Early Praise for The Round Whisper of No Moon:
What if we could learn to say what we feel? These poems show us how. What if real courage is going to the tender place, and claiming your right to be there? This book takes you to that heaven. Poem after poem invests complete trust in the power of images to tell the heart’s most intimate desire. Alaska, California, Viet Nam, Cambodia—and curiosity, kinship, grief—are all home if you are one who can see. Put this book inside you, and then practice what it teaches: say what you love and long for. Don’t delay.
—Kim Stafford, Oregon Poet Laureate (2018-2020), author of Singer Come from Afar
Peter Kaufmann’s lovingly attentive poems hum with graceful gentility, each poem a whole world. Whether he’s contemplating a family farm going out of business, this life or the next, a brother or a stranger, Alaska or Viet Nam or Cambodia or Tassajara Zen Mountain Center in California, we’re there with him, side by side, feeling the delicate interweave of what’s hidden and what’s held. My favorite lines in this book are simple but unforgettable—Our teachers change and We are all visitors,/ we are always visitors. They rise from a richness of sensibility that guides a whole gorgeously giving life. In a world of next, next, next, Kaufmann’s poems strike the resonant NOW gong. The Round Whisper of No Moon is a riveting book to keep close by, on your shrine.
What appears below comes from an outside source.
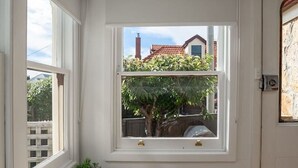 Ein Zimmer mit einem Holztisch, einem kleinen Topfpflanzen und Blick auf einen Baum und ein Gebäude durch ein Fenster.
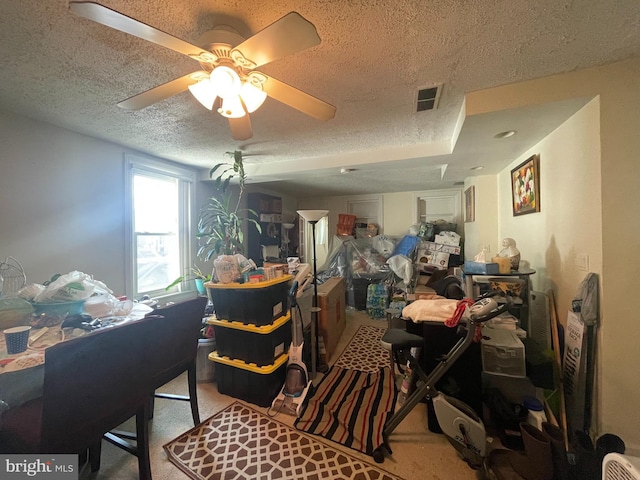 interior space featuring ceiling fan, light colored carpet, and a textured ceiling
—Naomi Shihab Nye, Young People’s Poet Laureate, The Poetry Foundation
Peter Kaufman’s remarkable book The Round Whisper of No Moon is both tender and chilling. Like being wrapped in a woven blanket, you sink deep into the warm of the images he presents: a still pond, a 59 Mercedes running well, the cool marble of a pagoda. But also, against our skin are pinpricks of cold—openings in that fabric of beauty—that remind us why we long for that warmth to begin with: a farm in foreclosure, fish gasping, a blind man on a leash, a girl with a tray of lighters to sell. This poet wraps us in that space between warm and bright, and the coming cold, where we balance, breathless. The imprint of these poems will live long on your skin.